Phelps é uma máquina competitiva, teve garra para superar adversidades e exibe uma arrasadora vontade para ganhar. Ainda por cima, na era de celebridades arrogantes, ele leva jeito de bom sujeito. Está aí uma inspiração ideal para candidatos presidenciais. O democrata Barack Obama e o republicano John McCain estão iniciando uma arrancada de três semanas na corrida para a Casa Branca. São momentos de braçadas vigorosas, necessidade de fôlego e o cuidado para não se afogar em gafes ou se atrapalhar com movimentos equivocados.

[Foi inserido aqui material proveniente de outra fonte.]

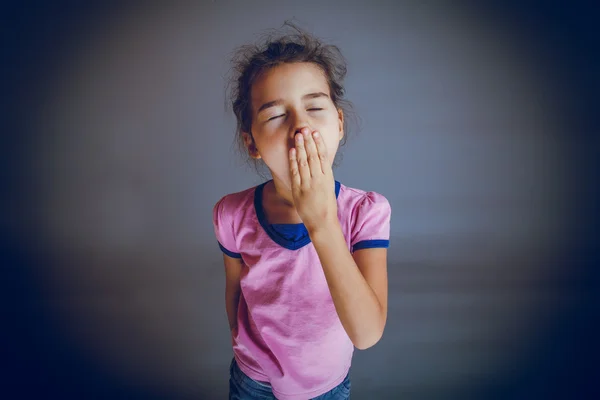 La niña está cansada cierra la boca bosteza en un backgro gris — Foto de Stock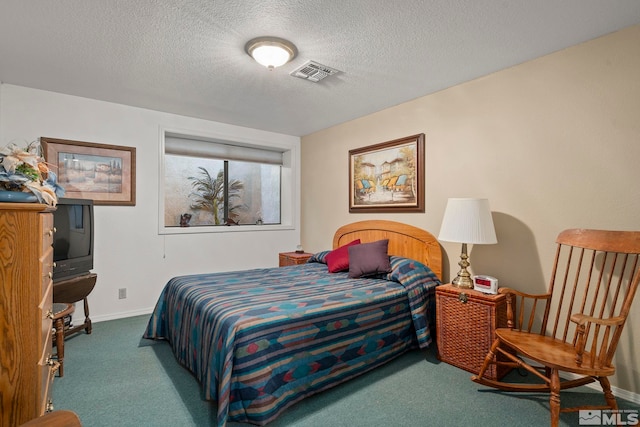 carpeted bedroom featuring a textured ceiling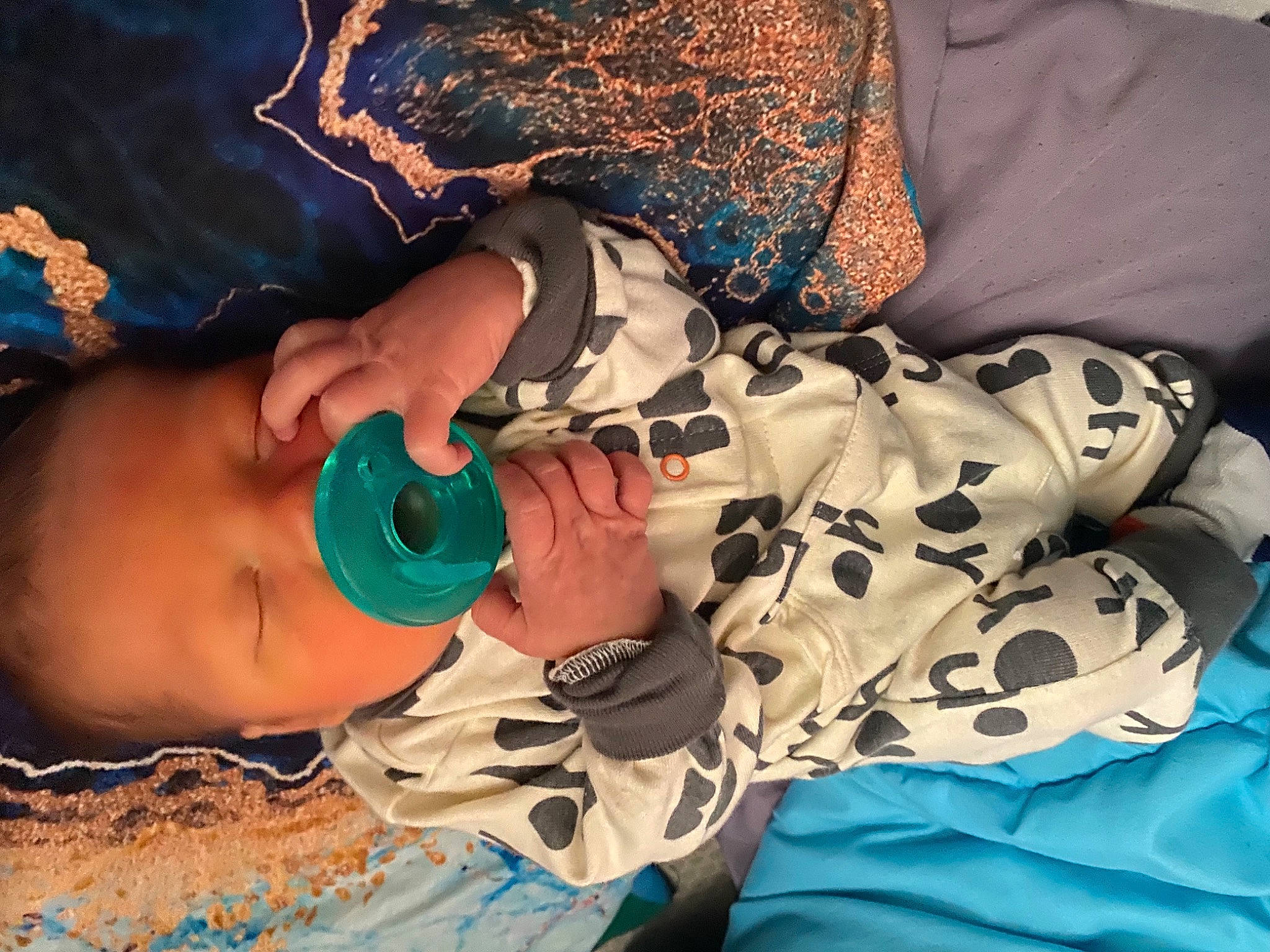 Cam is registered to the contest to win money with this photo: arm, baby, child, comfort, cool, drinkware, eyelash, eyewear, finger, hand, happy, human_body, mouth, nail, neck, pattern, person, skin, sleeve, textile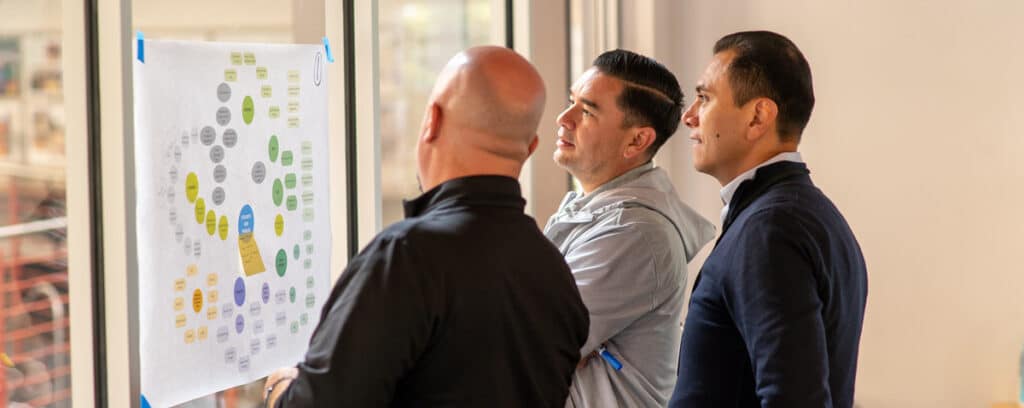 Three men stand indoors, examining a large process mapping chart taped to a window. The colorful diagram of interconnected circles and labels sparks a focused discussion on how to improve outcomes.
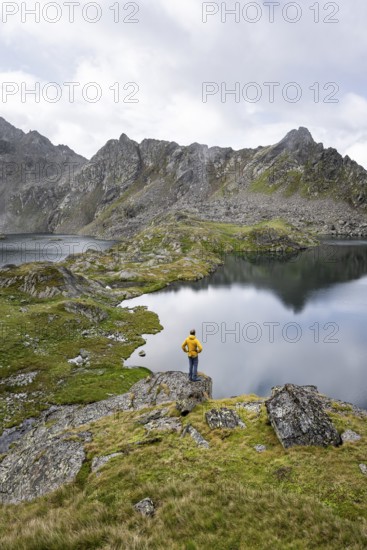 Mountaineer on a rock in front of mountain lakes Wangenitzsee and Kreuzsee, cloudy mountain peaks in the morning, Schober group, Hohe Tauern National Park, Carinthia, Austria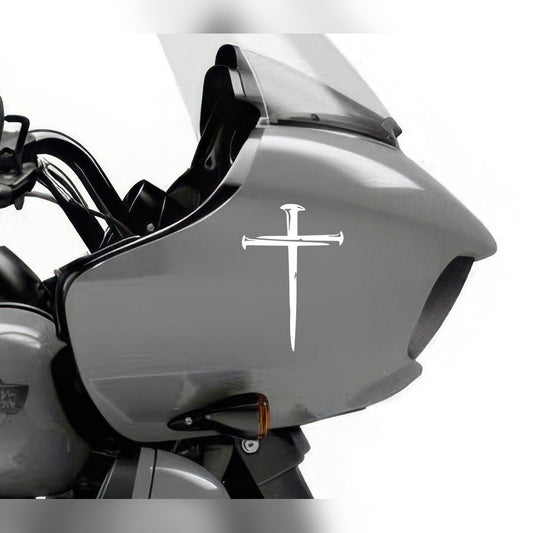 Cross decal – white nail cross on the grey fairing of a motorcycle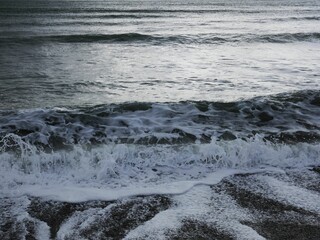 Majestic wave traveling through a vast body of water, creating a beautiful scene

São três semanas de escolha dos companheiros (as) de chapa, convenções coreografadas e discursos supostamente históricos. Vivemos a era do noticiário 24 horas e da escalada de informação (e desinformação) da Internet, mas somente agora os americanos devem começar a prestar atenção para valer na corrida eleitoral. Isto ficará ainda mais flagrante com o fim dos jogos olímpicos no próximo domingo e das férias de verão.
Vigor não é um estado automaticamente asssociado ao velho soldado McCain, mas ele chega melhor posicionado a esta fase da campanha. O pessoal de Obama faz o possível para exibir tranquilidade, mas satisfação mesmo deve ser creditada ao candidato republicano. O democrata não arrancou nas pesquisas, embora mantenha uma ligeira vantagem. Apesar de Bush, da economia e de tudo, McCain está colado em Obama.
Pairam aquelas dúvidas sobre a inexperiência e o exotismo do candidato democrata. A campanha de McCain passou as últlimas semanas martelando o rival como uma mera celebridade, ao estilo Britney Spears ou Paris Hilton. Da parte do democrata, ainda não aconteceu uma ofensiva agressiva, marcada por ataques pessoais. McCain é claro não precisa fazer diretamente o trabalho sujo. Estão na praça best-sellers difamatórios como "Obama Nation", de Jerome Corsi, com as alegações de uma agenda criptomuçulmana e uso de drogas.
Há uma certa exasperação entre setores pró-Obama, com a cobrança de uma campanha mais específica e menos discursiva. Obama fala muito em esperança, mas existe esta expectativa para que ele encare mais diretamente as ansiedades nacionais, seja na economia, seja no manejo de crises internacionais. O comando da campanha rebate que está tudo sob controle e que há variáveis mais importantes do que as pesquisas do momento como o empenho para registrar novos eleitores e levá-los a votar em 4 de novembro.
Obama segue como o favorito para levar o ouro, mas vendo de hoje não parece que será um negócio da China.